# WHAT THE EXERCISE ASKS
Repeat the lines from the one containing "金瓜焗肉蟹餐饮高清图片" through the last line of the data, exactly, pictures omitted.

[[ PROVIDED ENTRIES, beginning ]]

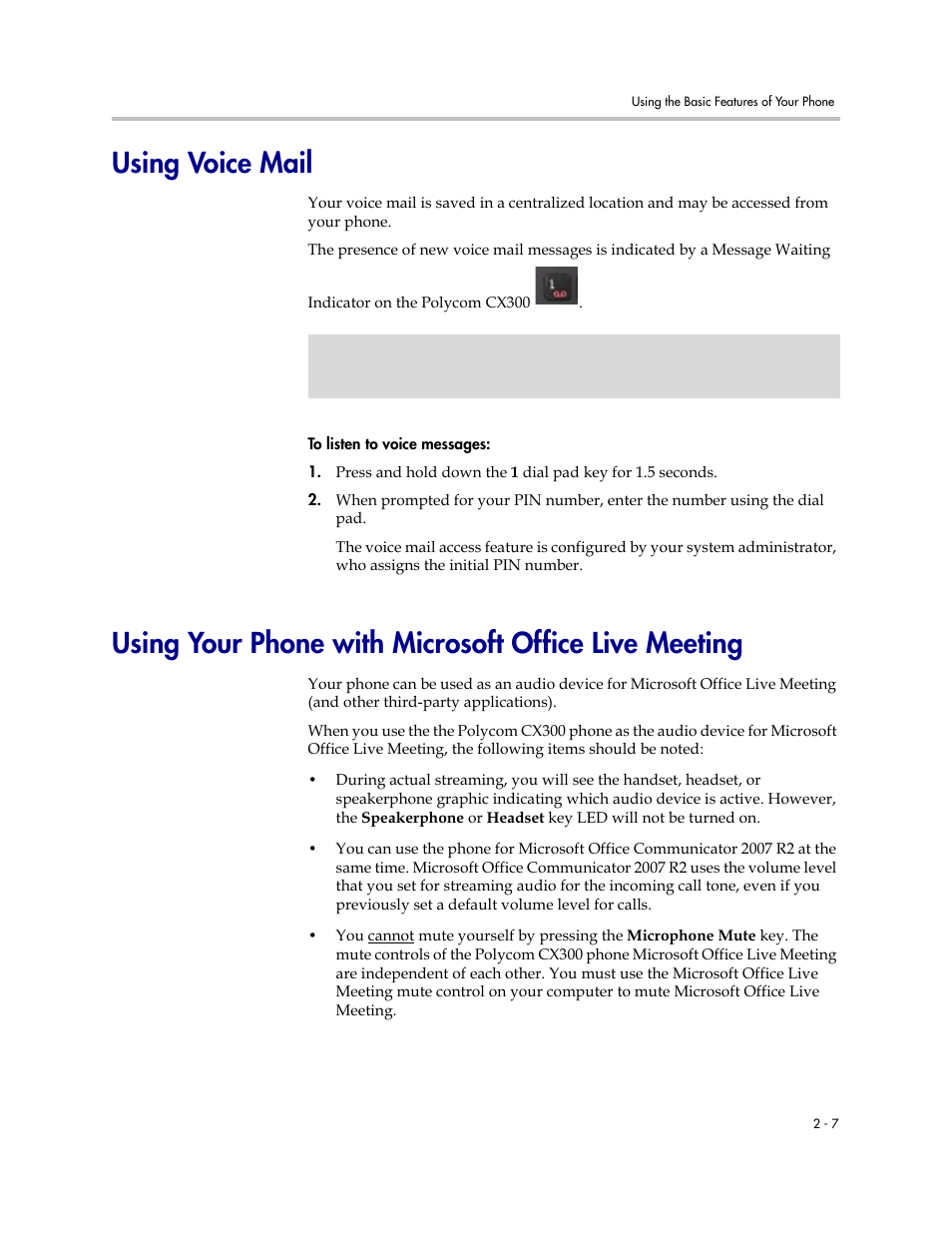 Using voice mail | PYLE Audio CX300 User Manual | Page 23 / 36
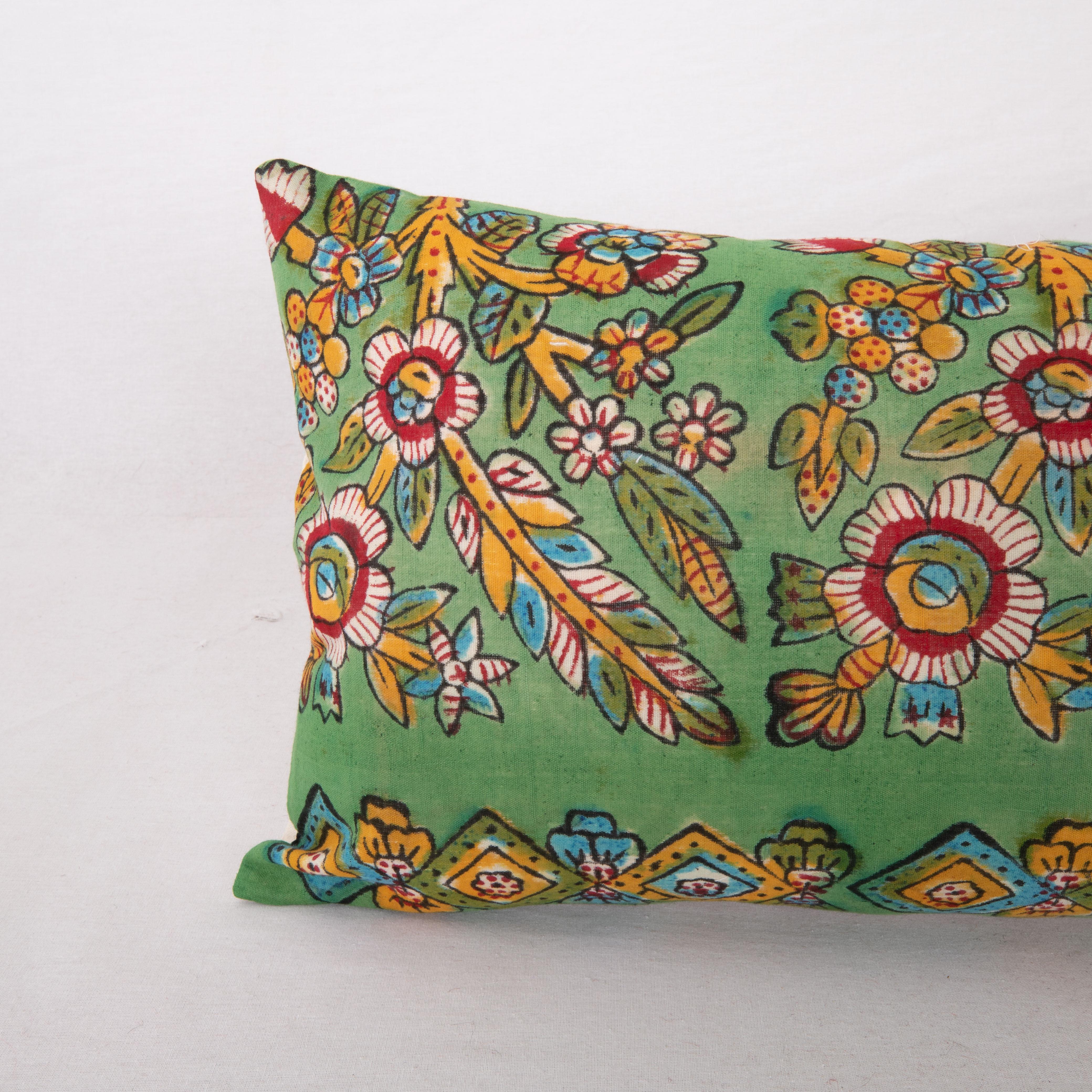 Folk Art Pillow Cover Made from a Vintage Turkish Block Printed Panel For Sale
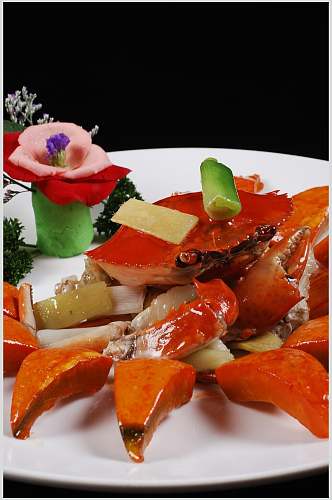 金瓜焗肉蟹餐饮高清图片
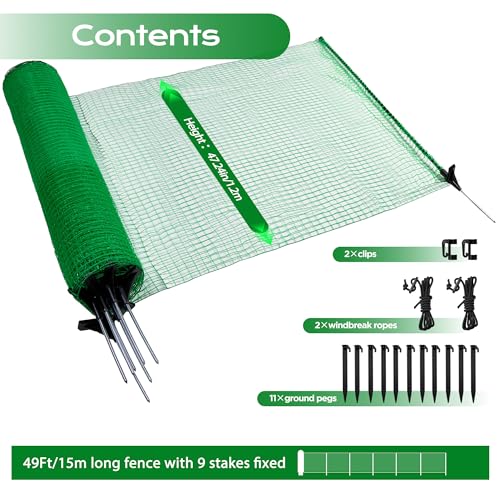 Temporary Fence with Posts,4'x50' Safety Barrier for Dog Snow Plastic Mesh Fencing with Fiberglass Stake Windbreak Rope,Movable Fencing Roll for Garden Backyard Outdoor Animal Protect - size: 4'x50'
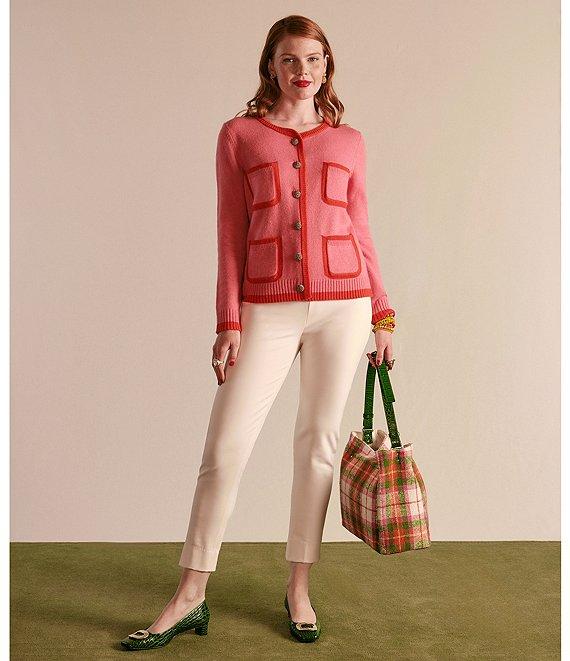 FRANCES VALENTINE Lucy Stretch Woven High Rise Slim Leg Trouser Pant Product Image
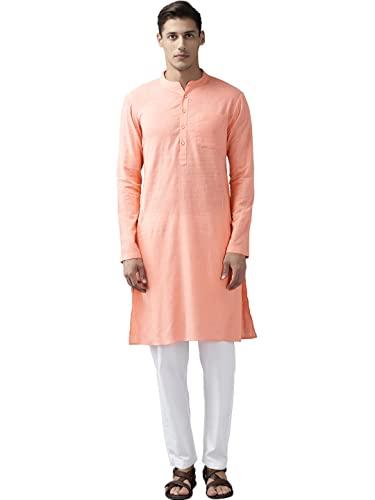 see designs men's peach cotton straight kurta with slub effect - sdkt1019xs (xs)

[[ PROVIDED ENTRIES, end ]]

# WRITTEN SOLUTION
 金瓜焗肉蟹餐饮高清图片
 Temporary Fence with Posts,4'x50' Safety Barrier for Dog Snow Plastic Mesh Fencing with Fiberglass Stake Windbreak Rope,Movable Fencing Roll for Garden Backyard Outdoor Animal Protect - size: 4'x50'
 FRANCES VALENTINE Lucy Stretch Woven High Rise Slim Leg Trouser Pant Product Image
 see designs men's peach cotton straight kurta with slub effect - sdkt1019xs (xs)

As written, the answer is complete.